- [TASK DESCRIPTION]
Restate word for word the lines of the records below, starting at the line that contains "Speedo Futura Classic" and ending at the line that contains "Amayo No Tsuki Chapter 14 - Trang 27", with both of those lines included and nothing else.

START SOURCE INFORMATION

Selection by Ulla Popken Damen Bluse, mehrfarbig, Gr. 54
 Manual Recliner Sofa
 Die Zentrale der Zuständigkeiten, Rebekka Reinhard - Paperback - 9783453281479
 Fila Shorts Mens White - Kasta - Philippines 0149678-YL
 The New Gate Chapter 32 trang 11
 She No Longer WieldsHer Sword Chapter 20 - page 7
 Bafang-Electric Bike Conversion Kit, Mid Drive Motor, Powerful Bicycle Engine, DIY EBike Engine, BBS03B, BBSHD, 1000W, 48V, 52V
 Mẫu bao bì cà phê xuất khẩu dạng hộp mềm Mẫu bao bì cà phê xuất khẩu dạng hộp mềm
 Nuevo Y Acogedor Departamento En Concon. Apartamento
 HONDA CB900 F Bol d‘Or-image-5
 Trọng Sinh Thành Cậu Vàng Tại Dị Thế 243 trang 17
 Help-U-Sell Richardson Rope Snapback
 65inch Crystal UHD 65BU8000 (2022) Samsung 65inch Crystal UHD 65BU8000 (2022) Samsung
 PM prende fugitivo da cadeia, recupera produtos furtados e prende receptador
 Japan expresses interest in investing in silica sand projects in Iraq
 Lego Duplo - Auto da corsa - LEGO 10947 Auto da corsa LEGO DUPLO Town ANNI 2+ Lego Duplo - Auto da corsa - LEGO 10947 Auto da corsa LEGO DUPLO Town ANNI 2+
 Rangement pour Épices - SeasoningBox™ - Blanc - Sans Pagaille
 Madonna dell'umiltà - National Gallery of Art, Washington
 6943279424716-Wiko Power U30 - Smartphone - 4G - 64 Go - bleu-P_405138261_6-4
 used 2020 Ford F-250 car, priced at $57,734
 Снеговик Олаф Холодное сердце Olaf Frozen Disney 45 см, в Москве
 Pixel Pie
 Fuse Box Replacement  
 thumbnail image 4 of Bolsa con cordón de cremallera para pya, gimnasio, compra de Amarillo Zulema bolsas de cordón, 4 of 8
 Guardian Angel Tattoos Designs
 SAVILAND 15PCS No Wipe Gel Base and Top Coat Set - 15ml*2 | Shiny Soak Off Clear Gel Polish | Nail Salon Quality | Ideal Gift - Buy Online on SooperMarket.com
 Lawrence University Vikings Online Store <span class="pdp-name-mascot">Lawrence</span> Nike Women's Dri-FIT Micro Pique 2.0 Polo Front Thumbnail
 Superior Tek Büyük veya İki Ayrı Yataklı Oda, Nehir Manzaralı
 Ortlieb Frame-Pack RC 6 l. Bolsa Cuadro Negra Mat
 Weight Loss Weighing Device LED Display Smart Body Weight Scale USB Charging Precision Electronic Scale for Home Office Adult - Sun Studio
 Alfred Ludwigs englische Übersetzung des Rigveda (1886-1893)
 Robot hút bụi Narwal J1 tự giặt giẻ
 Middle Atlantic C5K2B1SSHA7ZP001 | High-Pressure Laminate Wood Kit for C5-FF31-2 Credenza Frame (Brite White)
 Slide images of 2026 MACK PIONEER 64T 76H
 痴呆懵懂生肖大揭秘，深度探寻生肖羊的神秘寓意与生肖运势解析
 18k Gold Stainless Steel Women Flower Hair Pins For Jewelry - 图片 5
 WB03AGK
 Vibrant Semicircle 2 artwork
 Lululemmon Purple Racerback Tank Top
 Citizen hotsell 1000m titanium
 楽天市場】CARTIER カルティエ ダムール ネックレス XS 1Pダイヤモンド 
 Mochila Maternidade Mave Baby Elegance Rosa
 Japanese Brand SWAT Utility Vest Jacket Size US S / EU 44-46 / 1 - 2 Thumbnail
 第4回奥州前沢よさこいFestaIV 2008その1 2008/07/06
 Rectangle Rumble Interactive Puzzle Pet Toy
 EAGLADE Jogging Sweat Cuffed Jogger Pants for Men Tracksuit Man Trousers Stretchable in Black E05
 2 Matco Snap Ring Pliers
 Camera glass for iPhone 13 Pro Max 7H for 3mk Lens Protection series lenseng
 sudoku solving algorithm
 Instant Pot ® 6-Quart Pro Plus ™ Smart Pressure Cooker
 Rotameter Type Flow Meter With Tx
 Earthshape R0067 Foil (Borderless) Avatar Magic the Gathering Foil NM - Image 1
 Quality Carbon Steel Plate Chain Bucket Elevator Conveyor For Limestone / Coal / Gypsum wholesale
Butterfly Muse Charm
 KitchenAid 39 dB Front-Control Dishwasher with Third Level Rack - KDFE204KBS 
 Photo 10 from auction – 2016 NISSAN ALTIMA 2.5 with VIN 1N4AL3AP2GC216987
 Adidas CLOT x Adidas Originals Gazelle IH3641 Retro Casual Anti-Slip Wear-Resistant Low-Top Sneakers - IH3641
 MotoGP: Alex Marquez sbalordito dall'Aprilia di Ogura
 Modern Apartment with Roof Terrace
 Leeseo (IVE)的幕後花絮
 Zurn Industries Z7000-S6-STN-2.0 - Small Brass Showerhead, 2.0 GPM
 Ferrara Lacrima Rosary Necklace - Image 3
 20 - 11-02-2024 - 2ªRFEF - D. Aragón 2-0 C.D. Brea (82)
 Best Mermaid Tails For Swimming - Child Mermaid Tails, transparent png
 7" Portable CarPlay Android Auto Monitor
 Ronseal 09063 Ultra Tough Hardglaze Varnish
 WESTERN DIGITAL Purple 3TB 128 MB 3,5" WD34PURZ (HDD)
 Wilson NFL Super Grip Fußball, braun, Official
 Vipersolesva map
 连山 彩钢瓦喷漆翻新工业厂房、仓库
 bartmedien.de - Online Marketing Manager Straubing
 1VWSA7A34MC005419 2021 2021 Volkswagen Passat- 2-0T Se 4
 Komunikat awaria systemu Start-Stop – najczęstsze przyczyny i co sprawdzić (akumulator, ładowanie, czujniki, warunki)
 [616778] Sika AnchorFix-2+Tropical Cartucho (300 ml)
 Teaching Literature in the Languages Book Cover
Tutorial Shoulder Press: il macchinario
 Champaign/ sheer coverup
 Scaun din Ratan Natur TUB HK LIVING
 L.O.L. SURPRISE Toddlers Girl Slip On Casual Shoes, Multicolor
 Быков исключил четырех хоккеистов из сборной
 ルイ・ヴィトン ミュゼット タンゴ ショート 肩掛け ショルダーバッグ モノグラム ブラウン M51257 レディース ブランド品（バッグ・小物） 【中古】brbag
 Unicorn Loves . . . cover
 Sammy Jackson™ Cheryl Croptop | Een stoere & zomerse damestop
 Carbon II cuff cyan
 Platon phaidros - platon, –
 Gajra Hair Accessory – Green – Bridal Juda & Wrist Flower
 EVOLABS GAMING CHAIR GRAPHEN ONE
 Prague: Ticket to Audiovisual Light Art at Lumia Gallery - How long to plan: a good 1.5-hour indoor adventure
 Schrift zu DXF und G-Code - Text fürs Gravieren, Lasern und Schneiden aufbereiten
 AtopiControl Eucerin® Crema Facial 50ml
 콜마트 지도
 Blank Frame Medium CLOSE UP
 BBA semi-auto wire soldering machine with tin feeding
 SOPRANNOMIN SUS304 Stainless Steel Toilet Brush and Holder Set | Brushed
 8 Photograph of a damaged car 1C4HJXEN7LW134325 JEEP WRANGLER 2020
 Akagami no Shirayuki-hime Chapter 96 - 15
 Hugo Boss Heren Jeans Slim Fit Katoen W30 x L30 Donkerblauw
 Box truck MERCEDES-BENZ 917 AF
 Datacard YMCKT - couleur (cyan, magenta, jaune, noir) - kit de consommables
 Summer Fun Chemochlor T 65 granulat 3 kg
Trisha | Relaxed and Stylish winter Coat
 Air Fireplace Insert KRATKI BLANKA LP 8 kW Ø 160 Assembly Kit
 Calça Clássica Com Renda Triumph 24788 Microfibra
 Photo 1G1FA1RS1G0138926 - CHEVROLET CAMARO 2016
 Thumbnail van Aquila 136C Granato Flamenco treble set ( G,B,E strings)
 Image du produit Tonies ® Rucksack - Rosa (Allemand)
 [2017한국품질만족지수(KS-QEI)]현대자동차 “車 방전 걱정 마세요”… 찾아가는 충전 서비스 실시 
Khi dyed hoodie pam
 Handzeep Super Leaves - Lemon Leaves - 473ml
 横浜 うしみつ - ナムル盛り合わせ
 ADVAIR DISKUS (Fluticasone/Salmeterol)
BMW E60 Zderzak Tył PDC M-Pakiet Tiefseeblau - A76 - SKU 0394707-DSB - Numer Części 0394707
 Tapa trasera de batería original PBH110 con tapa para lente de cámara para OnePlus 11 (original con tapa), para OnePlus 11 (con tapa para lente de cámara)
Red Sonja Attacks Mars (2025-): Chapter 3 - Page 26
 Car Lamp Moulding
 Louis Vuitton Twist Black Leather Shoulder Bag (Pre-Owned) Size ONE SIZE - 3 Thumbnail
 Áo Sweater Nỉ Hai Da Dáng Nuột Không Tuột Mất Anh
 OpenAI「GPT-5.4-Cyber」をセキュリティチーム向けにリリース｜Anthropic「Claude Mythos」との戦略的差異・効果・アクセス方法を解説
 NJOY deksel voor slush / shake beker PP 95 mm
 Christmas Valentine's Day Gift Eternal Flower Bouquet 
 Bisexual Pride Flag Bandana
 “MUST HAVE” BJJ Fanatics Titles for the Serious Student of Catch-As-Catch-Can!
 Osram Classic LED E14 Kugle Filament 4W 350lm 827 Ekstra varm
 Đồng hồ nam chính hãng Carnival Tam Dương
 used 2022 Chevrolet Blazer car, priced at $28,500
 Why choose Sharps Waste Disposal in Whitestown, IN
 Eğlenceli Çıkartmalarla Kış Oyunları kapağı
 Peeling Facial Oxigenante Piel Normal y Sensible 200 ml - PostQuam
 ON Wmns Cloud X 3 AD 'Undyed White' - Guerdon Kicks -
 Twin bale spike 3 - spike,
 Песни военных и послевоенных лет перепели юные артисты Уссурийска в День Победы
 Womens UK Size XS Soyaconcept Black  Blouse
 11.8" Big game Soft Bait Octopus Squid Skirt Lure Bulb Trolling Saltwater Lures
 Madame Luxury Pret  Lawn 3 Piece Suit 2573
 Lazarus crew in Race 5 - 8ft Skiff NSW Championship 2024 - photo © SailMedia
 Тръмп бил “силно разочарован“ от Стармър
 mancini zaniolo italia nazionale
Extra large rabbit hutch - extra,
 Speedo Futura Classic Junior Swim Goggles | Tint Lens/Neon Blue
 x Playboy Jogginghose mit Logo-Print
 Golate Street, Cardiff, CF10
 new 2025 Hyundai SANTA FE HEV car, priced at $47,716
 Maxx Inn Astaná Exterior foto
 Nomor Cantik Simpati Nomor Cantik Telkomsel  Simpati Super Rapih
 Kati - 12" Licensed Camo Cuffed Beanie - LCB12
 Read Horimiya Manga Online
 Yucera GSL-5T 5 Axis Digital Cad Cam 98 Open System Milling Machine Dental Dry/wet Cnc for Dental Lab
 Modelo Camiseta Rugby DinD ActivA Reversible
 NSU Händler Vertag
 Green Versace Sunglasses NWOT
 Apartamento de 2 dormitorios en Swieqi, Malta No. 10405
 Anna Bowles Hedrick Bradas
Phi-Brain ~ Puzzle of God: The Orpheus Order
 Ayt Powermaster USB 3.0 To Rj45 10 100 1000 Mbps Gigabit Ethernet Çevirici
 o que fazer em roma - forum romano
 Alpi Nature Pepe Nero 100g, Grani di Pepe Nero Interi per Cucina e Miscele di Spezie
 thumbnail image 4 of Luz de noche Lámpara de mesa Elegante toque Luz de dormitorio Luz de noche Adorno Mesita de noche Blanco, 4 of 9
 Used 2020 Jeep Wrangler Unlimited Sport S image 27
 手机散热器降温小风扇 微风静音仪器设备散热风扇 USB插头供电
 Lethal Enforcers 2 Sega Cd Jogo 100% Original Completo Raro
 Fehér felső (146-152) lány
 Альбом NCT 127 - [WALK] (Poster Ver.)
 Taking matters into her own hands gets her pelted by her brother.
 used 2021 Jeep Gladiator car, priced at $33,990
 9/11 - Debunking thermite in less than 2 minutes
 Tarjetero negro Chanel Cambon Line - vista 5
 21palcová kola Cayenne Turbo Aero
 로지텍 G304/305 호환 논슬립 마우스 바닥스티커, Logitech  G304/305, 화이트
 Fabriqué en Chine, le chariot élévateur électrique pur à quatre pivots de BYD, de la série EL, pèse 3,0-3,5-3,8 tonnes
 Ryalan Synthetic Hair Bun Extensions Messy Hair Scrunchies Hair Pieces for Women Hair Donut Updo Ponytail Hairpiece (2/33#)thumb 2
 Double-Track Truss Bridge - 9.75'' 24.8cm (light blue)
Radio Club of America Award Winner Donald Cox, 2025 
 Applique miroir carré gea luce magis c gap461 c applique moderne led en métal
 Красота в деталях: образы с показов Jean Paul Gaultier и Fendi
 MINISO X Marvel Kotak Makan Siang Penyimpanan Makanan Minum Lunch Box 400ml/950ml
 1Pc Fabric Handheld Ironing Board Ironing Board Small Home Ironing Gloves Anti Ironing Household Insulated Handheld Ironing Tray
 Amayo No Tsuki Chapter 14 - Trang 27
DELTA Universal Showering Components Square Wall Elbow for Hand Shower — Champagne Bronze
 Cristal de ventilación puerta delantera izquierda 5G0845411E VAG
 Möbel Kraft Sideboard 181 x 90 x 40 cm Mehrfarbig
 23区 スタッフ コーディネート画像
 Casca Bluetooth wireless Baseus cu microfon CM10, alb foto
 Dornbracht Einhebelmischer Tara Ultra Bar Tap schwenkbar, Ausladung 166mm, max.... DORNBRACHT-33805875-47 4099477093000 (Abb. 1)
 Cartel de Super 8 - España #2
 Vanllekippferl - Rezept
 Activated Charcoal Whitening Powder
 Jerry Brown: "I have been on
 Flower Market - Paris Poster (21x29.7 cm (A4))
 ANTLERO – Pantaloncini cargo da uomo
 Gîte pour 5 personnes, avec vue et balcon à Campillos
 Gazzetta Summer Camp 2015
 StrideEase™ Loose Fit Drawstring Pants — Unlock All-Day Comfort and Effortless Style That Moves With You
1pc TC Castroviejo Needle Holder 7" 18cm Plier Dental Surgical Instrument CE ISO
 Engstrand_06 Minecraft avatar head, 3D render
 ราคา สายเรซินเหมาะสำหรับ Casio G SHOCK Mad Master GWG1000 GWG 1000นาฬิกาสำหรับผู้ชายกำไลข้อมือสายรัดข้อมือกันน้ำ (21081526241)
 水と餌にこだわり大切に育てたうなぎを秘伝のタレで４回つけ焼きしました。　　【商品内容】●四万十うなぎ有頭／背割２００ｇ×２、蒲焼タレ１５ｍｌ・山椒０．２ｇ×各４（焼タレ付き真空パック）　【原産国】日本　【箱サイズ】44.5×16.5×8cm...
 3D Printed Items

END SOURCE INFORMATION

- [TASK ANSWER]
 Speedo Futura Classic Junior Swim Goggles | Tint Lens/Neon Blue
 x Playboy Jogginghose mit Logo-Print
 Golate Street, Cardiff, CF10
 new 2025 Hyundai SANTA FE HEV car, priced at $47,716
 Maxx Inn Astaná Exterior foto
 Nomor Cantik Simpati Nomor Cantik Telkomsel  Simpati Super Rapih
 Kati - 12" Licensed Camo Cuffed Beanie - LCB12
 Read Horimiya Manga Online
 Yucera GSL-5T 5 Axis Digital Cad Cam 98 Open System Milling Machine Dental Dry/wet Cnc for Dental Lab
 Modelo Camiseta Rugby DinD ActivA Reversible
 NSU Händler Vertag
 Green Versace Sunglasses NWOT
 Apartamento de 2 dormitorios en Swieqi, Malta No. 10405
 Anna Bowles Hedrick Bradas
Phi-Brain ~ Puzzle of God: The Orpheus Order
 Ayt Powermaster USB 3.0 To Rj45 10 100 1000 Mbps Gigabit Ethernet Çevirici
 o que fazer em roma - forum romano
 Alpi Nature Pepe Nero 100g, Grani di Pepe Nero Interi per Cucina e Miscele di Spezie
 thumbnail image 4 of Luz de noche Lámpara de mesa Elegante toque Luz de dormitorio Luz de noche Adorno Mesita de noche Blanco, 4 of 9
 Used 2020 Jeep Wrangler Unlimited Sport S image 27
 手机散热器降温小风扇 微风静音仪器设备散热风扇 USB插头供电
 Lethal Enforcers 2 Sega Cd Jogo 100% Original Completo Raro
 Fehér felső (146-152) lány
 Альбом NCT 127 - [WALK] (Poster Ver.)
 Taking matters into her own hands gets her pelted by her brother.
 used 2021 Jeep Gladiator car, priced at $33,990
 9/11 - Debunking thermite in less than 2 minutes
 Tarjetero negro Chanel Cambon Line - vista 5
 21palcová kola Cayenne Turbo Aero
 로지텍 G304/305 호환 논슬립 마우스 바닥스티커, Logitech  G304/305, 화이트
 Fabriqué en Chine, le chariot élévateur électrique pur à quatre pivots de BYD, de la série EL, pèse 3,0-3,5-3,8 tonnes
 Ryalan Synthetic Hair Bun Extensions Messy Hair Scrunchies Hair Pieces for Women Hair Donut Updo Ponytail Hairpiece (2/33#)thumb 2
 Double-Track Truss Bridge - 9.75'' 24.8cm (light blue)
Radio Club of America Award Winner Donald Cox, 2025 
 Applique miroir carré gea luce magis c gap461 c applique moderne led en métal
 Красота в деталях: образы с показов Jean Paul Gaultier и Fendi
 MINISO X Marvel Kotak Makan Siang Penyimpanan Makanan Minum Lunch Box 400ml/950ml
 1Pc Fabric Handheld Ironing Board Ironing Board Small Home Ironing Gloves Anti Ironing Household Insulated Handheld Ironing Tray
 Amayo No Tsuki Chapter 14 - Trang 27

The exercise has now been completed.